Hello! I have an update - I've managed to look through some of the different options here:

        # Generate the MCS match.
        mcs = _rdFMCS.FindMCS(
            mols,
            atomCompare=_rdFMCS.AtomCompare.CompareAny,
            bondCompare=_rdFMCS.BondCompare.CompareAny,
            completeRingsOnly=complete_rings_only,
            ringMatchesRingOnly=True,
            matchChiralTag=False,
            matchValences=False,
            maximizeBonds=False,
            timeout=timeout,
        )

I've found that, for the perturbations above (lig_27\~lig_42, lig_27\~lig_43, lig_43\~lig_45), having completeRingsOnly set to False does reduce the number of perturbed atoms, however results in same problems as outlined above for when prematch is used. Changing RingMatchesRingOnly to False adds some H to the perturbable region for lig_43\~lig_45 that should be mapped.

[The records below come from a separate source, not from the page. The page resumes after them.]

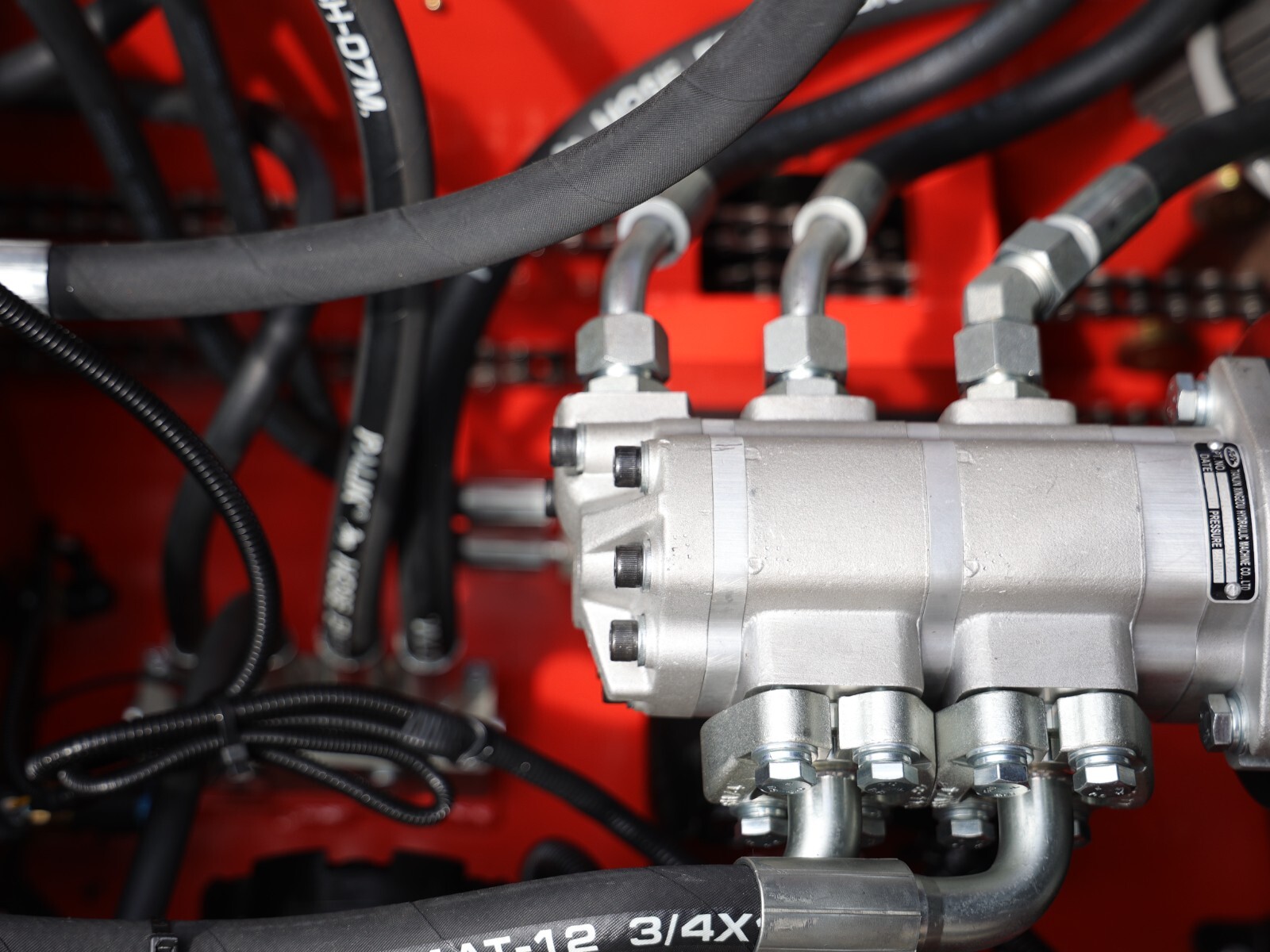 Honda 22.1 HP Tracked Skid-Steer Loader for Gardens Farming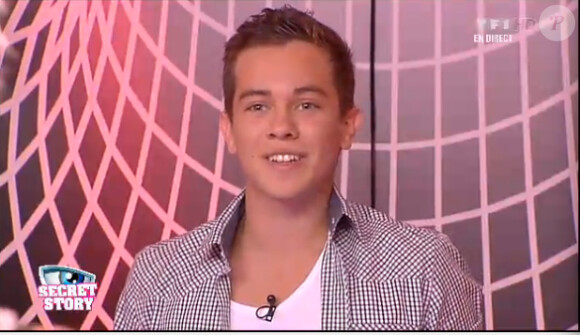 Sacha dans l'hebdo de Secret Story 6 le vendredi 17 août 2012 sur TF1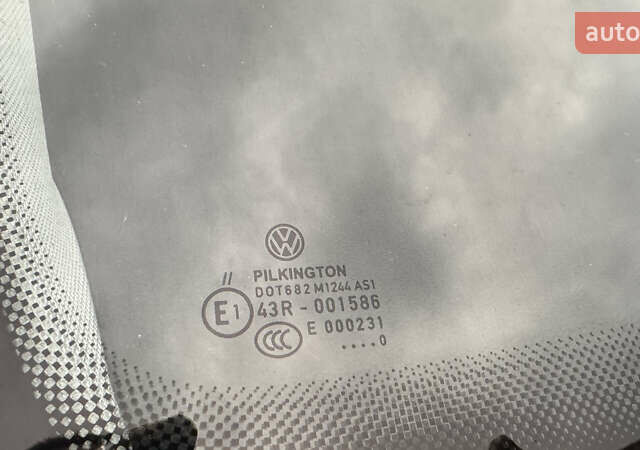 Серый Фольксваген e-Golf, объемом двигателя 0 л и пробегом 145 тыс. км за 12900 $, фото 18 на Automoto.ua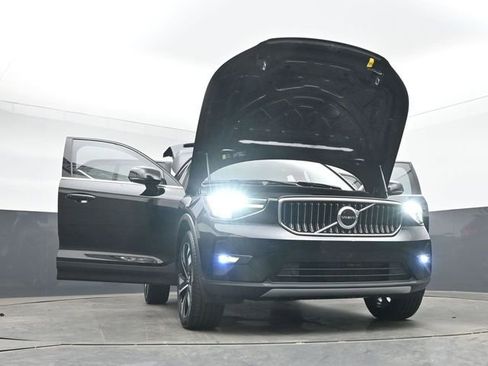 Used 2023 Volvo XC40 B5 Plus w/ Protection Package Premier AWD/4WD image 52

Changin the other options ( matchChiralTag, matchValences, or maximizeBonds ) do not result in the correct mapping either.

Using atomCompare=_rdFMCS.AtomCompare.CompareAnyHeavyAtom or bondCompare=_rdFMCS.BondCompare.CompareOrder or bondCompare=_rdFMCS.BondCompare.CompareOrderExact also don't really improve the mappings for these three perturbations.

lohedges commented 1 year ago

Thanks for the update. I've looked into swappaing out our MCS with the LomapMapper from openfe but at present it is not reliable enough. This is largely due to only being able to resolve a fairly old version of openfe due to other requirements in our environment. The change was trivial to implement, though, so I plan to revisit at a later date to see if it works more reliably.